▸ Task directions
From the first line of the material below through the line containing "Un amplio salón", print every line exactly as it stands, but no pictures.

The data Start Marker

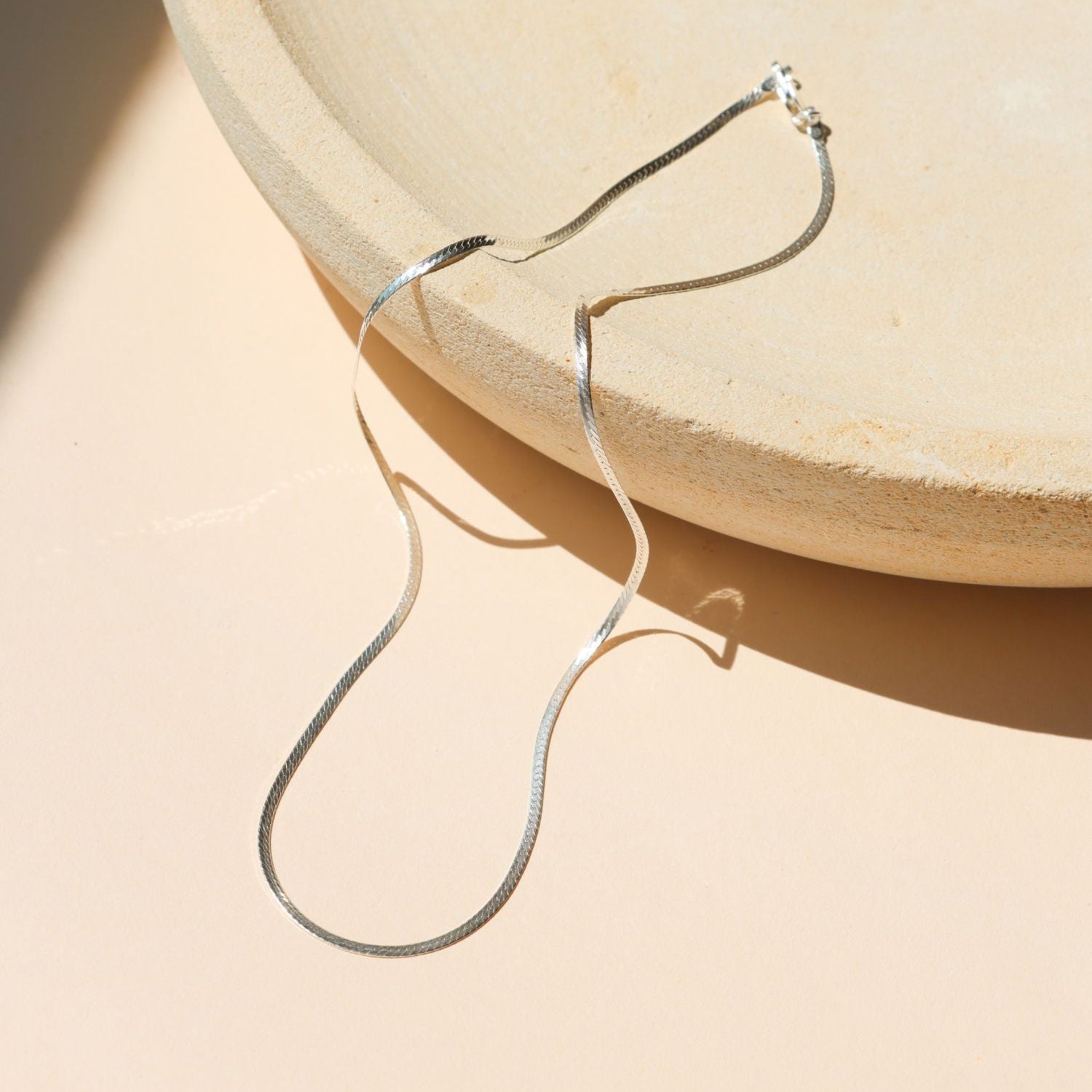 sterling silver herringbone chain necklace on a light dish in the sunlight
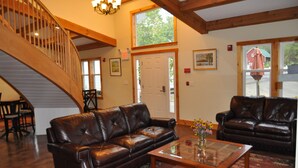 Un amplio salón con dos sofás de cuero, una mesa de centro de madera y una escalera con barandillas de madera.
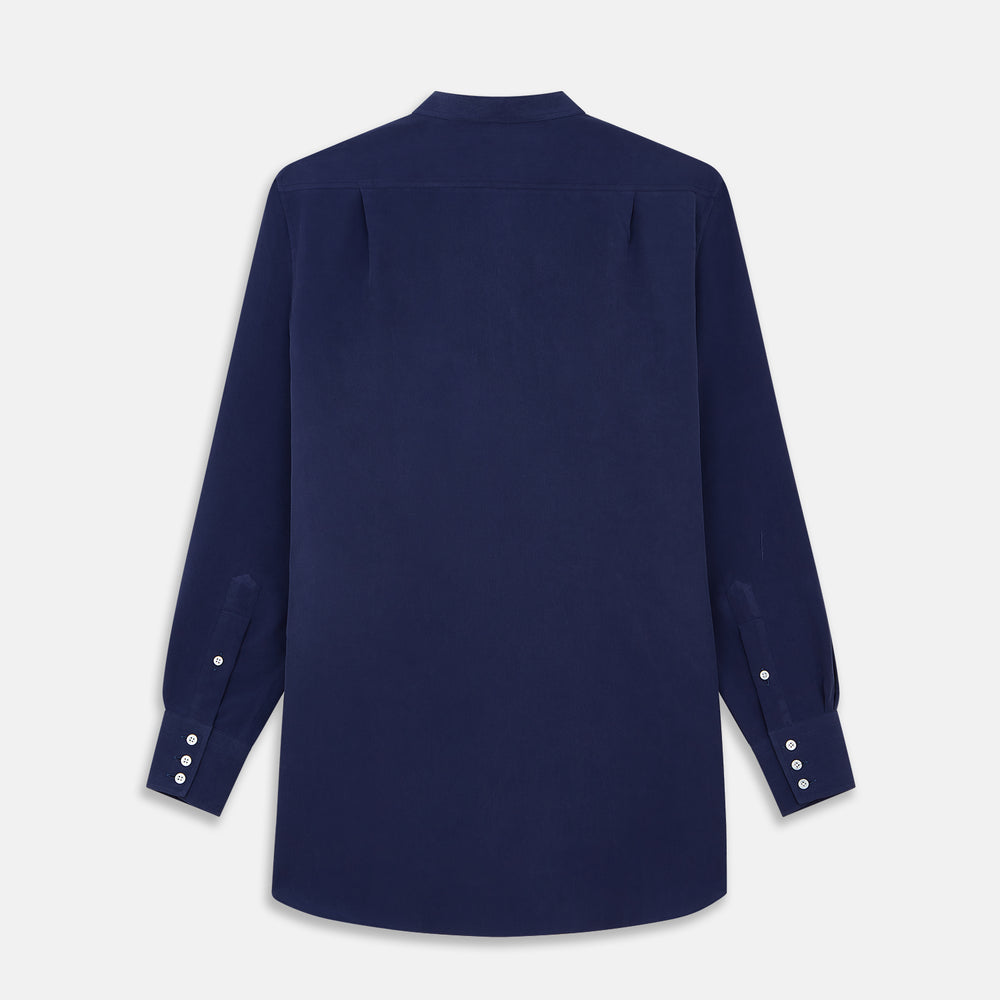 The Turnbull & Asser Blue Soft-touch Silk Lauren Shirt is a navy, long-sleeve button-up with an Igret stand collar, white buttons, curved hem, relaxed fit, and elongated body for a modern look, shown laid flat on a white background.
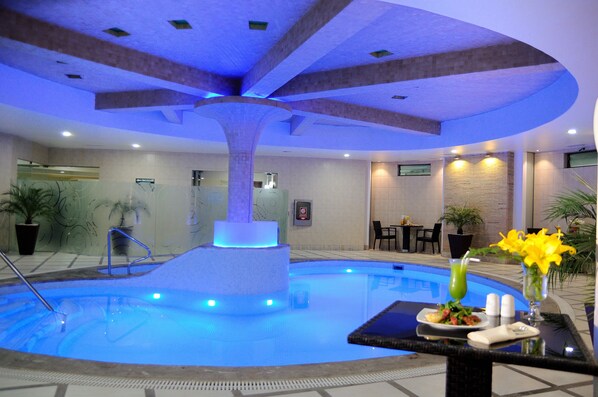 A swimming pool with a central fountain, surrounded by lounge chairs and tables, and a dining setup with a plate of food and drinks. - Suites Camino Real (La Paz)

The data End Marker

▸ Completed exercise
 sterling silver herringbone chain necklace on a light dish in the sunlight
 Un amplio salón con dos sofás de cuero, una mesa de centro de madera y una escalera con barandillas de madera.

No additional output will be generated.